Repeat each record word for word. Leave nothing out.

(Records from a dataset)
·····

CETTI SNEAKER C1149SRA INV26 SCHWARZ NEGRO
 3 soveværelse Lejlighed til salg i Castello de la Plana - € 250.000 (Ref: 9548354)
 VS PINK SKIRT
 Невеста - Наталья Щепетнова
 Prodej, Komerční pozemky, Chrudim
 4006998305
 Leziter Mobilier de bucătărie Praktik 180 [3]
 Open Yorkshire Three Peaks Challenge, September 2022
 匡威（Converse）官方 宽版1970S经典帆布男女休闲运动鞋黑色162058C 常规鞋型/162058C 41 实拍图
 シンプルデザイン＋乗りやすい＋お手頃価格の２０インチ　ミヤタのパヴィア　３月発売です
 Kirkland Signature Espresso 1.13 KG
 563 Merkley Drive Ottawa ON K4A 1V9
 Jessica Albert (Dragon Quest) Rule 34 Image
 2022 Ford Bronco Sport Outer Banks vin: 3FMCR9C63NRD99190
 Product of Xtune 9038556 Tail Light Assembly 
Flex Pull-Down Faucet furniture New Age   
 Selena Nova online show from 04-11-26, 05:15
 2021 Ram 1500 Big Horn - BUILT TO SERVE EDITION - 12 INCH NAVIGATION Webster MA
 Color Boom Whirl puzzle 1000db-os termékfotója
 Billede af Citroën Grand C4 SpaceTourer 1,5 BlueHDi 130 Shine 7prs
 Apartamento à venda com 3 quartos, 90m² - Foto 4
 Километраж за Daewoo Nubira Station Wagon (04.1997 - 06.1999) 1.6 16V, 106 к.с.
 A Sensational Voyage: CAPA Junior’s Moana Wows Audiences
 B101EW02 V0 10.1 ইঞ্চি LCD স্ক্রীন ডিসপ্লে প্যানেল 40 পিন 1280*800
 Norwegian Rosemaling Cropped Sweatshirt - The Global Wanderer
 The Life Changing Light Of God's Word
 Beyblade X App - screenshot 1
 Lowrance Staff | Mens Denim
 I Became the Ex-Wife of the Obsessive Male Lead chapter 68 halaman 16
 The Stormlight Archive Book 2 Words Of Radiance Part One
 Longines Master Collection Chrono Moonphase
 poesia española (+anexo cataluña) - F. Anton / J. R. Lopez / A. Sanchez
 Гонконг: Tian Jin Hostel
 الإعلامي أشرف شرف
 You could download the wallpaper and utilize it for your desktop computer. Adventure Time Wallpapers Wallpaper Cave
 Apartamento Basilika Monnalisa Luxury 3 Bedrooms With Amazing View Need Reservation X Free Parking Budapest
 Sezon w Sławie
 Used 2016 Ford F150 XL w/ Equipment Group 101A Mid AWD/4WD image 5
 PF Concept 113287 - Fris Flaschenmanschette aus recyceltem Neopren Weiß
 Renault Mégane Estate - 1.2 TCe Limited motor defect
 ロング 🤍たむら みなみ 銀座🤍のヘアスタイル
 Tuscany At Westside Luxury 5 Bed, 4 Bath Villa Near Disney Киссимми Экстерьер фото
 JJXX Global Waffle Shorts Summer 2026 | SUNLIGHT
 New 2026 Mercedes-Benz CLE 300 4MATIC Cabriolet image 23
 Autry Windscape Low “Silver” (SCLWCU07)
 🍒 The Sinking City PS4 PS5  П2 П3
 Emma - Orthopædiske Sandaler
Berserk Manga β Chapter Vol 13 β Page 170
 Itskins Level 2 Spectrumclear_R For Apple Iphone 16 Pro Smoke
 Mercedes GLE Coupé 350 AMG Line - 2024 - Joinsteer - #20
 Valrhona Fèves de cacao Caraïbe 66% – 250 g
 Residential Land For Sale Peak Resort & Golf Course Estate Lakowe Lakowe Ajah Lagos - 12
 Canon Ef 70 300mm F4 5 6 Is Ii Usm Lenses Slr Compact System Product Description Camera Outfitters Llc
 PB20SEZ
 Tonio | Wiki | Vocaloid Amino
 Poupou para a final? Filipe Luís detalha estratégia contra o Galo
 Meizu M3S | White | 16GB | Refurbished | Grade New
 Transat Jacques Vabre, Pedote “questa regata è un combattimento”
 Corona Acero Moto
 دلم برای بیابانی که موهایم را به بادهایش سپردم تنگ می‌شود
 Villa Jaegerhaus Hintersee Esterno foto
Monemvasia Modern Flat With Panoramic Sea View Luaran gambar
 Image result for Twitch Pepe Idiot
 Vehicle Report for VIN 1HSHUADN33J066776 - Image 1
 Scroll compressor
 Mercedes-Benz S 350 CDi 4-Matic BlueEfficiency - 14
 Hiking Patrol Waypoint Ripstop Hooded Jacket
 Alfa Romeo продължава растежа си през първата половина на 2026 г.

·····

Output below
CETTI SNEAKER C1149SRA INV26 SCHWARZ NEGRO
 3 soveværelse Lejlighed til salg i Castello de la Plana - € 250.000 (Ref: 9548354)
 VS PINK SKIRT
 Невеста - Наталья Щепетнова
 Prodej, Komerční pozemky, Chrudim
 4006998305
 Leziter Mobilier de bucătărie Praktik 180 [3]
 Open Yorkshire Three Peaks Challenge, September 2022
 匡威（Converse）官方 宽版1970S经典帆布男女休闲运动鞋黑色162058C 常规鞋型/162058C 41 实拍图
 シンプルデザイン＋乗りやすい＋お手頃価格の２０インチ　ミヤタのパヴィア　３月発売です
 Kirkland Signature Espresso 1.13 KG
 563 Merkley Drive Ottawa ON K4A 1V9
 Jessica Albert (Dragon Quest) Rule 34 Image
 2022 Ford Bronco Sport Outer Banks vin: 3FMCR9C63NRD99190
 Product of Xtune 9038556 Tail Light Assembly 
Flex Pull-Down Faucet furniture New Age   
 Selena Nova online show from 04-11-26, 05:15
 2021 Ram 1500 Big Horn - BUILT TO SERVE EDITION - 12 INCH NAVIGATION Webster MA
 Color Boom Whirl puzzle 1000db-os termékfotója
 Billede af Citroën Grand C4 SpaceTourer 1,5 BlueHDi 130 Shine 7prs
 Apartamento à venda com 3 quartos, 90m² - Foto 4
 Километраж за Daewoo Nubira Station Wagon (04.1997 - 06.1999) 1.6 16V, 106 к.с.
 A Sensational Voyage: CAPA Junior’s Moana Wows Audiences
 B101EW02 V0 10.1 ইঞ্চি LCD স্ক্রীন ডিসপ্লে প্যানেল 40 পিন 1280*800
 Norwegian Rosemaling Cropped Sweatshirt - The Global Wanderer
 The Life Changing Light Of God's Word
 Beyblade X App - screenshot 1
 Lowrance Staff | Mens Denim
 I Became the Ex-Wife of the Obsessive Male Lead chapter 68 halaman 16
 The Stormlight Archive Book 2 Words Of Radiance Part One
 Longines Master Collection Chrono Moonphase
 poesia española (+anexo cataluña) - F. Anton / J. R. Lopez / A. Sanchez
 Гонконг: Tian Jin Hostel
 الإعلامي أشرف شرف
 You could download the wallpaper and utilize it for your desktop computer. Adventure Time Wallpapers Wallpaper Cave
 Apartamento Basilika Monnalisa Luxury 3 Bedrooms With Amazing View Need Reservation X Free Parking Budapest
 Sezon w Sławie
 Used 2016 Ford F150 XL w/ Equipment Group 101A Mid AWD/4WD image 5
 PF Concept 113287 - Fris Flaschenmanschette aus recyceltem Neopren Weiß
 Renault Mégane Estate - 1.2 TCe Limited motor defect
 ロング 🤍たむら みなみ 銀座🤍のヘアスタイル
 Tuscany At Westside Luxury 5 Bed, 4 Bath Villa Near Disney Киссимми Экстерьер фото
 JJXX Global Waffle Shorts Summer 2026 | SUNLIGHT
 New 2026 Mercedes-Benz CLE 300 4MATIC Cabriolet image 23
 Autry Windscape Low “Silver” (SCLWCU07)
 🍒 The Sinking City PS4 PS5  П2 П3
 Emma - Orthopædiske Sandaler
Berserk Manga β Chapter Vol 13 β Page 170
 Itskins Level 2 Spectrumclear_R For Apple Iphone 16 Pro Smoke
 Mercedes GLE Coupé 350 AMG Line - 2024 - Joinsteer - #20
 Valrhona Fèves de cacao Caraïbe 66% – 250 g
 Residential Land For Sale Peak Resort & Golf Course Estate Lakowe Lakowe Ajah Lagos - 12
 Canon Ef 70 300mm F4 5 6 Is Ii Usm Lenses Slr Compact System Product Description Camera Outfitters Llc
 PB20SEZ
 Tonio | Wiki | Vocaloid Amino
 Poupou para a final? Filipe Luís detalha estratégia contra o Galo
 Meizu M3S | White | 16GB | Refurbished | Grade New
 Transat Jacques Vabre, Pedote “questa regata è un combattimento”
 Corona Acero Moto
 دلم برای بیابانی که موهایم را به بادهایش سپردم تنگ می‌شود
 Villa Jaegerhaus Hintersee Esterno foto
Monemvasia Modern Flat With Panoramic Sea View Luaran gambar
 Image result for Twitch Pepe Idiot
 Vehicle Report for VIN 1HSHUADN33J066776 - Image 1
 Scroll compressor
 Mercedes-Benz S 350 CDi 4-Matic BlueEfficiency - 14
 Hiking Patrol Waypoint Ripstop Hooded Jacket
 Alfa Romeo продължава растежа си през първата половина на 2026 г.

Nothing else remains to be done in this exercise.